Was hätte man besser machen können
26. März 2007
Exkurs, weil das halt wieder ein bischen Regiearbeit war, drei vom Regieteam und fast das ganze Bühnenteam waren schließlich dabei …
Meine Nachreflexion zum Misereor-Abend und -Gottesdienst „Bilding for alle“. Mit dem Abend war ich recht zufrieden (mit einer Ausnahme um 0:45 Uhr, aber auch die Geschichte endete ja gut). Die vier Türme, die ich ja erst am Morgen sah, waren einfach toll.
Im Gottesdienst hatten wir einige technische Probleme. Ich ärgere mich recht, dass ich den Punkt, den ich jetzt zur Geschichte mit der Sünderin im Zusammenhang mit dem Bildung und „building“ hätte, nicht klar und früh genug auf den Punkt bekomme. Bitte nicht übel nehmen, dass ich auch die folgenden Kritikpunkte (fast) rein auf mich beziehe, sie sind nicht so gemeint, dass ich lieber irgendwas ganz anderes gemacht hätte, sondern so, dass entsprechende Vorschläge vielleicht die Vorbereitung, den Abend oder Gottesdienst gut getan hätten.

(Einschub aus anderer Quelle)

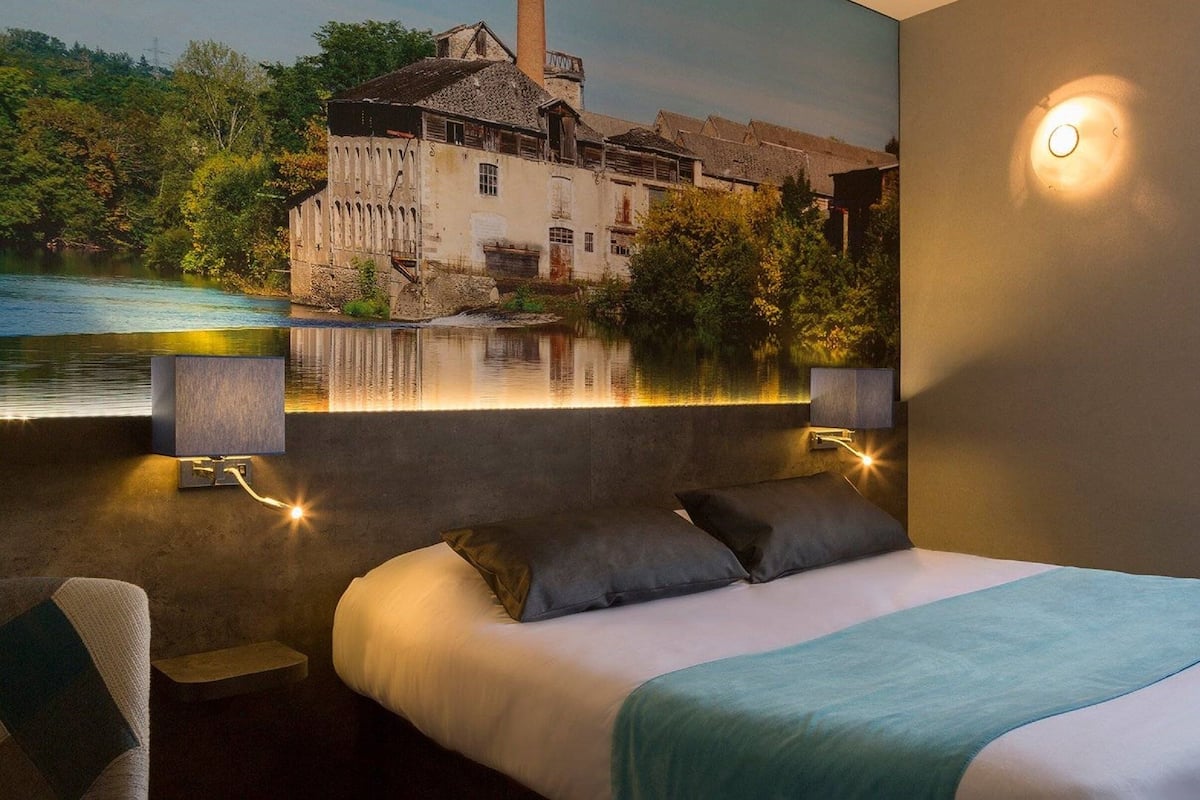Un dormitorio con cama, dos mesitas de noche, una lámpara de pared y un mural de un edificio y agua.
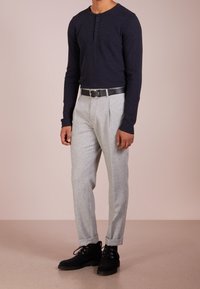 Navy long-sleeve henley shirt with two buttons; light gray tailored trousers; black belt; black suede boots; relaxed fit.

Vielleicht einen Turm weniger – und das rechtzeitig 20:15 Uhr entscheiden. Wir wäre viel früher fertig gewesen oder hätte den Live-Aufbau eines Stockwerkes auf den somalischen Turm noch planen können.- Die Leute, die etwas gebaut haben, sollen es auch vorstellen (wenigstens dann, wenn sie nicht grundsätzlich nicht lesen wollen) – aber man muss ja nicht einmal lesen, wenn man etwas vorstellt
- Theaterspiel: es muss klarer sein, wer welche Rolle hat: durch Klamotten, kurze Vorstellung, bevor die Geschichte passiert
- Lieder: irgendwie nicht extra aufmerksam, dass wir schon mindestens im dritten Jahr hintereinder in der Fastenzeit ein Heilig singen, indem ein Halleluja Ruf vorkommt. Außerdem: sollte man nicht mit wenigstens einem Lied das Volk direkt zum Mitsingen einladen? (Klassischerweise, wenn man einen Kanon singt – oder vorher ein Lied kurz einprobt.)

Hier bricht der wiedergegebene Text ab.